Filehippo is generally reliable IMO. Here's a link to the download page.

Once you have the installer, right-click the icon, click *Open With*, and click "Wine Windows Program Loader".
This will launch the installer.  After the installer has finished, Wine will create an icon in the Dash, so you can just click the dash button (upper-left) and open it from there.

I also suggest reviewing that WineHQ link, as there may be solutions to any potential problems there.

----------


## Toz

_Moved to the Wine subforum._

There are also numerous other threads in this forum regarding iTunes and Wine. Good luck.

----------


## adithya2

Wine Version:1.3.28
Tried Downloading and Installing the Itunes version,but still not working.

----------


## jewisharific

You'll need to be more specific than that.  At what step are you failing?

----------


## adithya2

The installation step is complete and the GUI says that Itunes has successfully been installed.There is a new window that pops up saying that installation successful and Itunes will be launched if Finish button is pressed after the Installation process.After this,Wine program runs but Itunes does not open.

----------


## czgirb

Before shift to ubuntu, I'm a Windows user and used iTunes as my lossy's player ... and I love it.
But since I shift to Ubuntu, I never make iTunes works smoothly. if not *STUCK/HANG* in the beginning, it will *STUCK/HANG* in the middle.
So, I tried to learn the alternative players ... I've tried *Amarok, Banshee, Rhythmbox, MusicBox, GMusicbrowser* ... and I choose *DeaDBeeF*.

----------


## Baldrick_NZ

The truth is that iTunes and Linux don't play nice together. Sadly Apple haven't had the decency to expand thier market to include Linux users natively.

Having said that, I've tried extensively to get this mongrel working under Linux, and I have found there are some older versions where the player itself works. However, in all cases, if you're looking to download music - forget it! Even tried to contact Apple, who were more than helpful - until they realised I was using Ubuntu. 

I have two solutions for the wouldbe iTunes fanatic...

1/ For a player: Forget iTunes altogether. Go for a Linux player that does the same thing that iTunes does. The best I've seen so far is Nightingale (http://getnightingale.com/). You can even download a skin which mimics iTunes.
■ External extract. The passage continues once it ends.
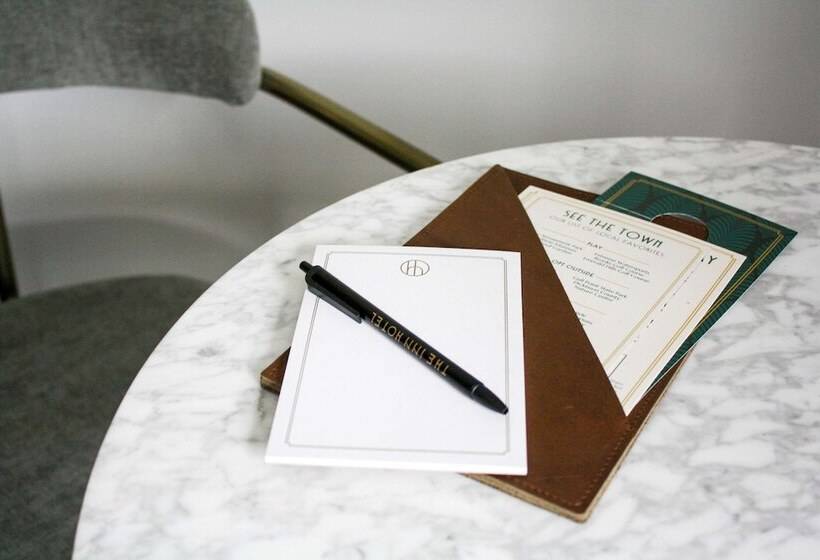 غرفه قياسيه سريرين مزدوجين, The Inn Hotel, Ascend Hotel Collection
2/ For a music store: Definitely forget iTunes altogether. Google for a web-based music site, like 'Google Music', which is an advanced version of iTunes. Google music is available in many countries with more to come. There are others too.

Hope that helps.

----------


## Mark Phelps

adithya2: 

You should have been told right away that iTunes generally does not work well in Linux.  Any time you're using Wine, you need to first read the WineHQ web page on that app -- I've linked the page for iTunes:  http://appdb.winehq.org/objectManage...ation&iId=1347

You can see the ratings for recent versions are very poor -- some are Garbage.

----------


## protoss96

Try to download PlayOnLinux and i think there is an option to install iTunes but only 32-bit version and you need to have already downloaded setup.

----------


## LaJuan

Hi,

My dauhter LOVES Ubuntu BUT, she also LOVES iTunes!!!!!!!!!!!! SO, I have been reading around throught threads and the ONLY solution I have found that works well is using VM with Windows and installing iTunes on that!!!!!! I did as a test and it works!!!! So, her machine will use this setup.




Dell Precision 390, 8GB 2TB HDD, Ubuntu 14.04LST

----------


## Rob Sayer

> Try to download PlayOnLinux and i think there is an option to install iTunes but only 32-bit version and you need to have already downloaded setup.


PlayOnLinux is just a GUI front end for Wine.  Hence it _is_ Wine so I see no reason to expect it'll work any better.

BTW I agree with the post recommending running Windows in a VM if you really need iTunes.  As mentioned iTunes is poorly supported in Linux.

----------